Affamer le calmar

BERKELEY – Le secteur financier des États-Unis est-il en train de rendre exsangue l’économie réelle? L’article mémorable du journaliste Matt Taibbi en 2009 décrivant Goldman Sachs comme « un gigantesque calmar vampire collé au visage de l’humanité, ne manquant pas d’étirer ses tentacules sur tout ce qui a odeur d’argent » marque encore les esprits, et pour cause.

En 2011, je faisais remarquer que le secteur de la finance et de l’assurance aux États-Unis comptait pour 2,8 % du PIB en 1950 par rapport à 8,4 % du PIB trois ans après la pire crise financière en presque 80 ans. « Si les États-Unis ont vraiment profité de ces… 750 $ milliards supplémentaires détournés annuellement des secteurs qui paient des gens qui participent directement à la fabrication de biens utiles et à la prestation de services utiles, cela paraîtrait dans les statistiques économiques ».

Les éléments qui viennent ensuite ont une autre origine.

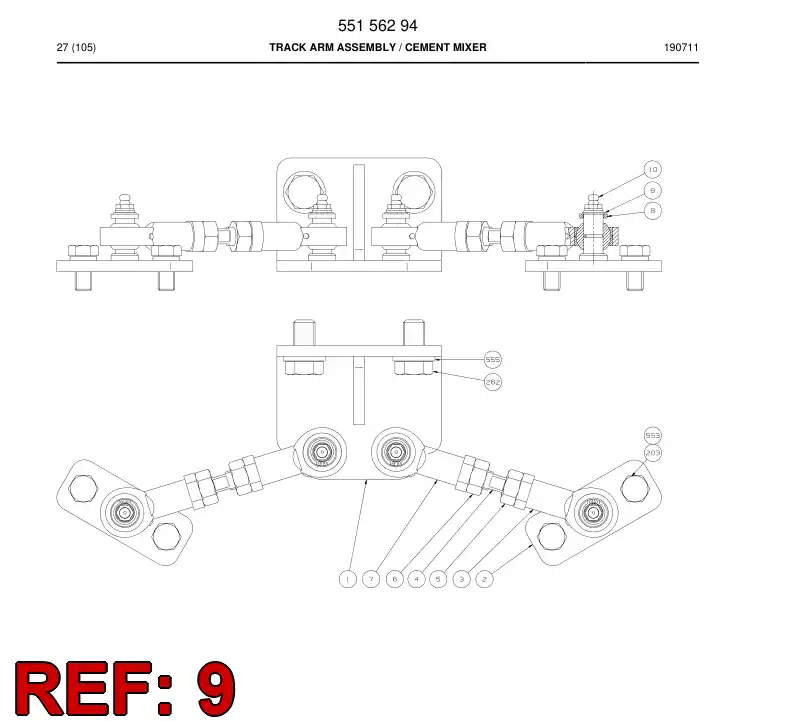 42203040 422 030 40 Circlip - Sandvik Technical Drawing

Mon argument était qu’un tel détournement massif de ressources « du secteur des biens et services prêts à être utilisés dans l’année n’était une bonne affaire que si la croissance économique globale gagnait 0,3 % par an – ou 6 % par génération de 25 ans ». En d’autres termes, le transfert de ressources n’est avantageux que si collectivement il amène une prime substantielle, ce que les financiers appellent le coefficient « alpha ».